Since preemption is disabled during program execution, no other programs will be able to concurrently access the same memory. This guarantees there will never be any race conditions and improves the performance due to the lack of congestion and synchronization logic, at the cost of having a large memory footprint.
Note
The bpf_map_lookup_percpu_elem
helper can be used to access maps assigned to other logical CPUs which can negate the above mentioned advantages.
Attributes
While the size of the key and value are essentially unrestricted both value_size
and key_size
must be at least zero and their combined size no larger than KMALLOC_MAX_SIZE
. KMALLOC_MAX_SIZE
is the maximum size which can be allocated by the kernel memory allocator, its exact value being dependant on a number of factors.
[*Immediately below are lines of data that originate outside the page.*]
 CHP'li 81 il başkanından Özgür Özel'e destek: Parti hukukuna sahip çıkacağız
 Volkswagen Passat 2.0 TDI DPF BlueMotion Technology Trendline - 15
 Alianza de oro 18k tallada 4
If this edge case is hit a -E2BIG
error number is returned to the map create syscall.
The max_entries
attribute indicates the max entries per-CPU so the actual memory size consumed is also dependant on the logical CPU count of the host.
Syscall commands
The following syscall commands work with this map type:
BPF_MAP_LOOKUP_ELEM
BPF_MAP_LOOKUP_AND_DELETE_ELEM
BPF_MAP_UPDATE_ELEM
BPF_MAP_GET_NEXT_KEY
BPF_MAP_LOOKUP_BATCH
BPF_MAP_LOOKUP_AND_DELETE_BATCH
Helper functions
The following helper functions work with this map type:
bpf_for_each_map_elem
bpf_map_delete_elem
bpf_map_lookup_elem
bpf_map_lookup_percpu_elem
bpf_map_update_elem
Flags
The following flags are supported by this map type.
BPF_F_NO_PREALLOC
Hash maps are pre-allocated by default, this means that even a completely empty hash map will use the same amount of kernel memory as a full map.
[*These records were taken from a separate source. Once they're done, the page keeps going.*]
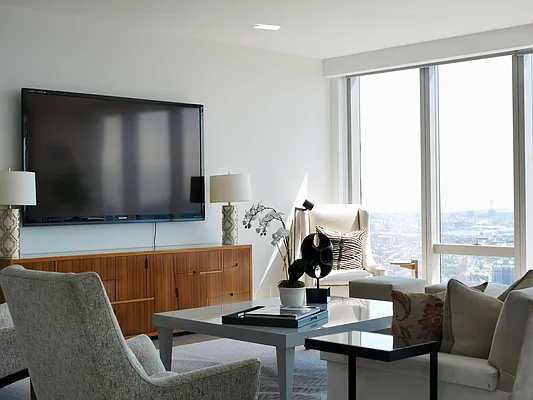 Rented by Extell Marketing Group LLC | media 32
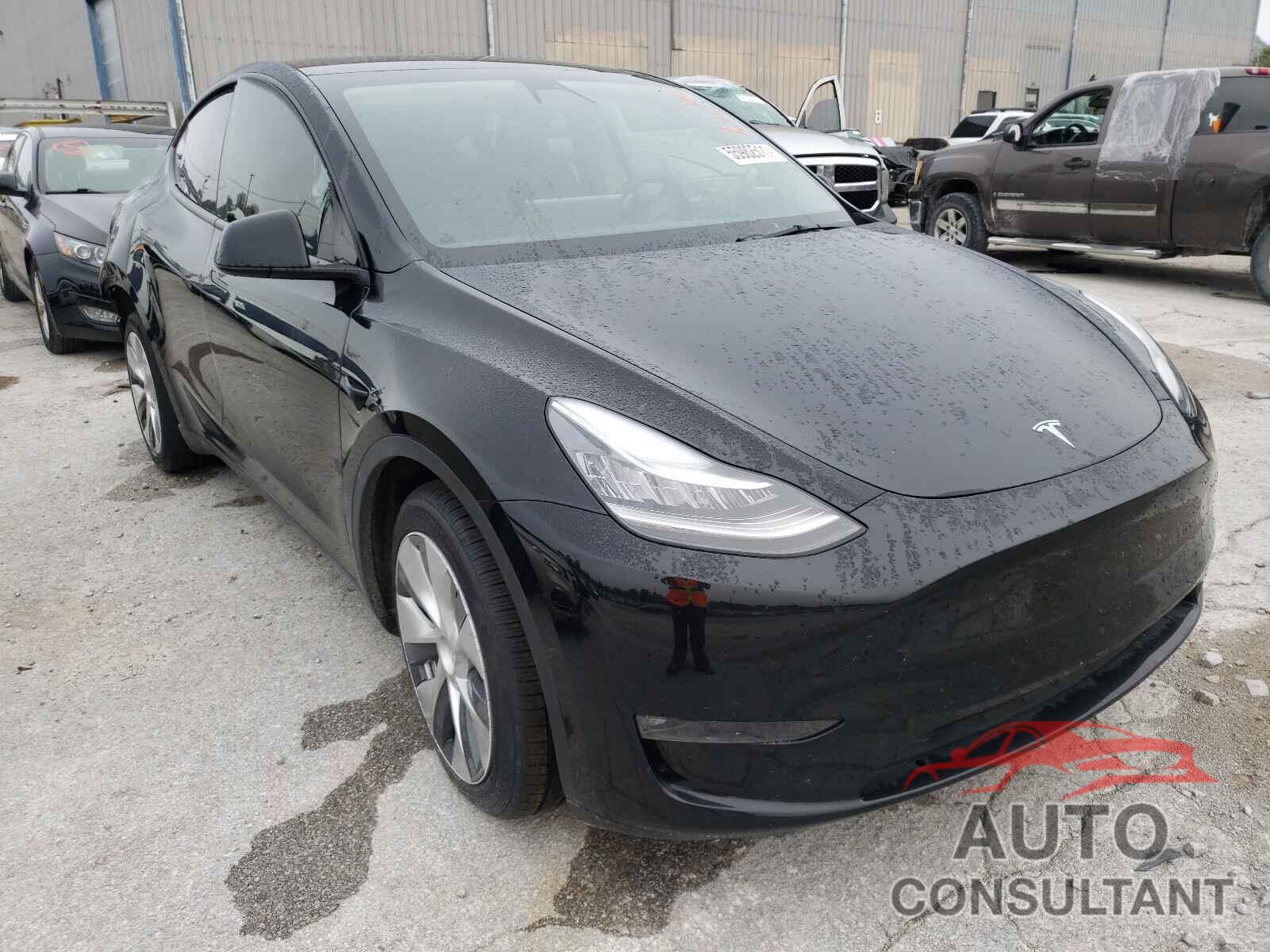 TESLA MODEL Y 2021 - 5YJYGAEE1MF134905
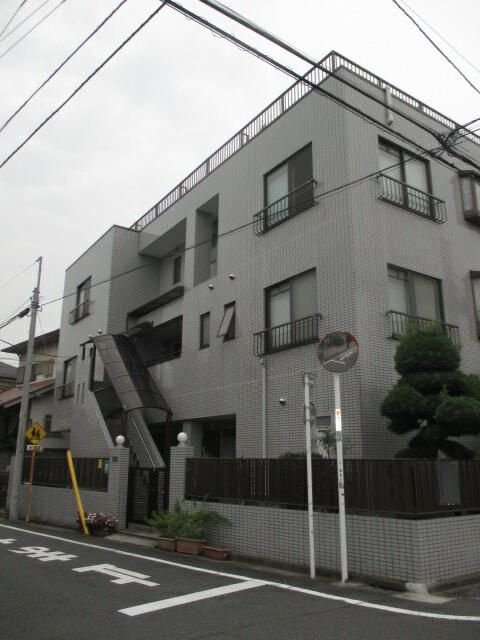 メゾンナカジマの外観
If this flag is set, pre-allocation is disabled. Users might consider this for large maps since allocating large amounts of memory takes a lot of time during creation and might be undesirable.
Warning
The patch set1 does note that not pre-allocating may cause issues in some edge-cases, which was the original reason for defaulting to pre-allocation.
BPF_F_NUMA_NODE
While settings this flag is allowed, only a value of -1
is allowed in the numa_node
attribute, which indicates no specific NUMA node. Since each logical CPU has its own hash table, it is impossible to allocate on only a single NUMA node.
BPF_F_RDONLY
Setting this flag will make it so the map can only be read via the syscall interface, but not written to.
For details please check the generic description.
BPF_F_WRONLY
Setting this flag will make it so the map can only be written to via the syscall interface, but not read from.
For details please check the generic description.
BPF_F_ZERO_SEED
Setting this flag will initialize the hash table with a seed of 0.
The hashing algorithm used by the hash table is seeded with a random number by default. This seeding is meant as a mitigation against Denial of Service attacks which could exploit the predictability of hashing implementations.
This random seed makes hash map operations inherently random in access time. This flag was introduced to make performance evaluation more consistent.
Warning
It is not recommended to use this flag in production due to the vulnerability to Denial of Service attacks.
Info
Only users with the CAP_SYS_ADMIN
capability can use this flag, CAP_BPF
is not enough due to the security risk associated with the flag.
BPF_F_RDONLY_PROG
Setting this flag will make it so the map can only be read via helper functions, but not written to.
For details please check the generic description.
BPF_F_WRONLY_PROG
Setting this flag will make it so the map can only be written to via helper functions, but not read from.
For details please check the generic description.